## Task to complete
Line by line, transcribe the data below exactly and pass over the images.

## Dataset extract
---
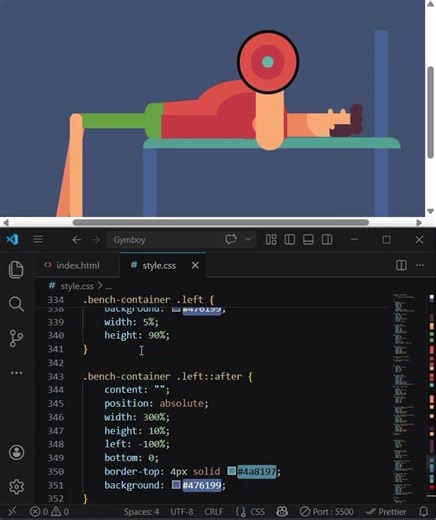 How to create Gym Boy by using HTML and CSS in VS code.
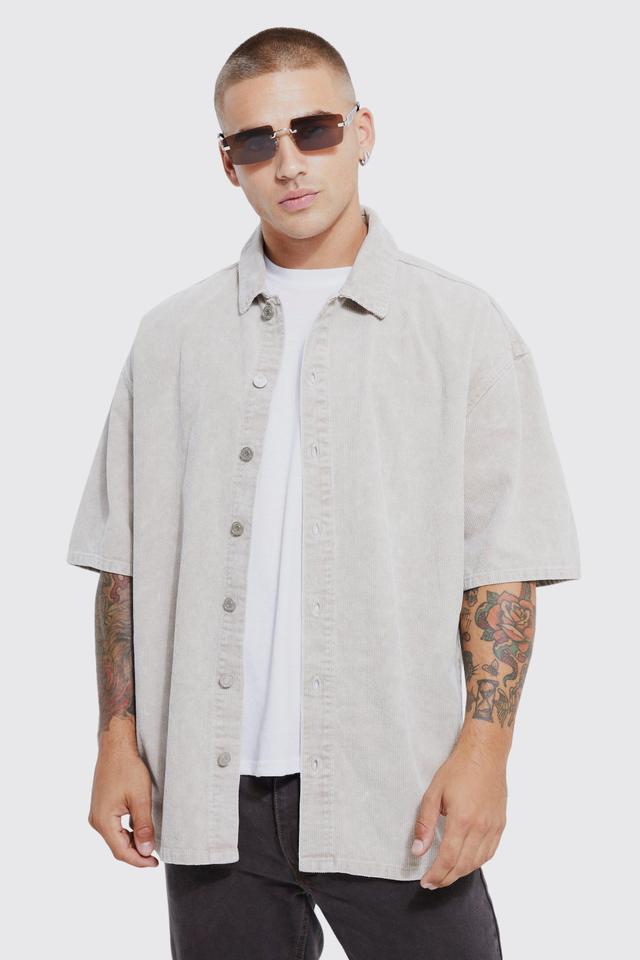 Oversized Boxy Acid Wash Shirt | boohooMAN USA Product Image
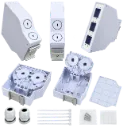 Boîtier fibre optique compact sur Rail DIN – 6 SC Duplex – cassette d’épissurage articulée – non équipé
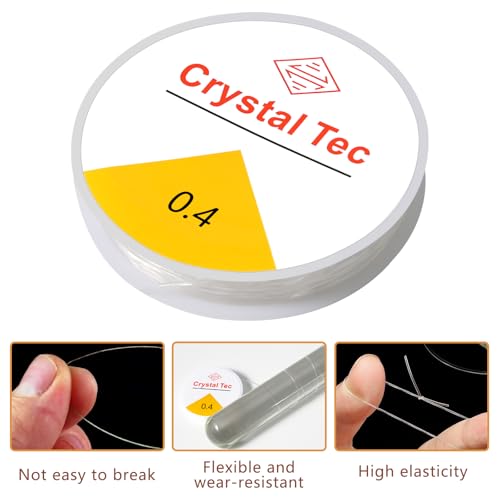 6 Rolls Elastic Bead Thread, 0.4mm Stretchy Bracelet String, Nylon String for Bracelets for Bracelet Making, Clear String for DIY Bead Jewellery Necklace Bracelet - size: 0.4mm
---
## Exercise answer
 How to create Gym Boy by using HTML and CSS in VS code.
 Oversized Boxy Acid Wash Shirt | boohooMAN USA Product Image
 Boîtier fibre optique compact sur Rail DIN – 6 SC Duplex – cassette d’épissurage articulée – non équipé
 6 Rolls Elastic Bead Thread, 0.4mm Stretchy Bracelet String, Nylon String for Bracelets for Bracelet Making, Clear String for DIY Bead Jewellery Necklace Bracelet - size: 0.4mm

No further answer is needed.